Affaires
Développement urbain : l’essoufflement du modèle actuel se fait déjà sentir
• Le contexte évolutif exige un changement de paradigmes.
• La politique d’urbanisation n’est économiquement pas rentable.
• Parmi les propositions exprimées, la refonte des documents d’urbanisme, la rupture avec la politique de zonage, de faire des dérogations un outil d’incitation à l’investissement d’intégrer la numérisation dans la gestion urbaine.

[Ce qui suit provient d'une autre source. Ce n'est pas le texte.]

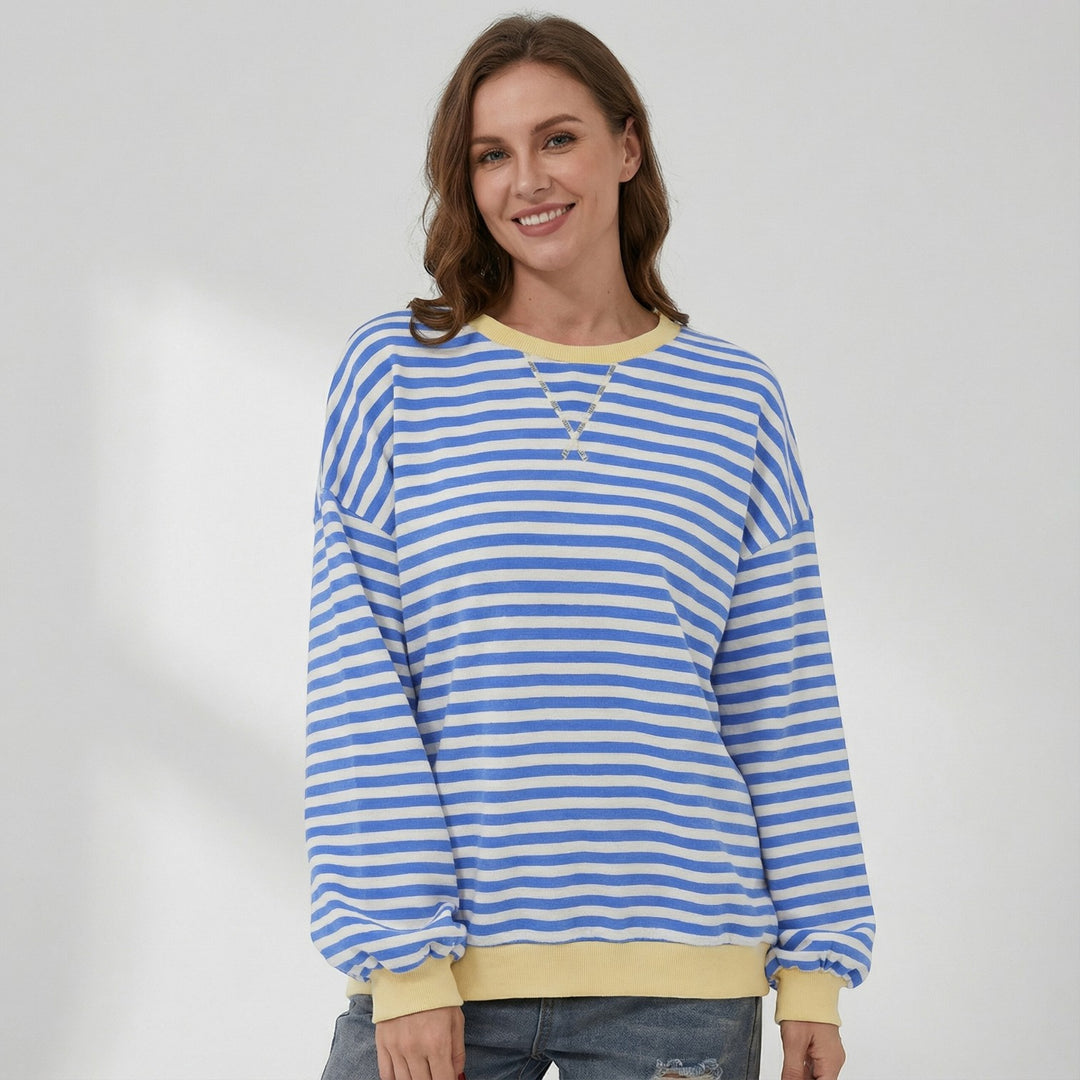 Women's long-sleeve striped cotton-blend top – Round neck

Le modèle de développement urbain et territorial qu’a suivi le Maroc jusqu’ici montre plusieurs signes d’essoufflement. La politique adoptée ne répond que peu aux exigences d’un contexte sans cesse en évolution. Plusieurs raisons plaident pour un changement global du modèle suivi, dont l’urbanisation croissante, exacerbée par l’exode rural, l’augmentation de l’habitat insalubre ou anarchique, la métropolisation des villes…, et à tout cela s’ajoutent les contraintes vécues par le citoyen et découlant de la vie au quotidien, en terme de sécurité, de mobilité, de disponibilité d’équipements sociaux. «Le pays fonctionne avec 3 modes d’urbanisme. Le 1er est planifié et découle des textes réglementaires, le second est improvisé et se rapporte essentiellement aux dérogations et le dernier est spontané», a souligné Abdelghani Abouhani, urbaniste, lors d’une conférence sur le développement urbain et territorial au Maroc, organisé par Al Omrane. Il se trouve que cette politique d’urbanisation n’est pas rentable pour l’Etat. Tout l’enjeu se présente dans ce dernier point justement.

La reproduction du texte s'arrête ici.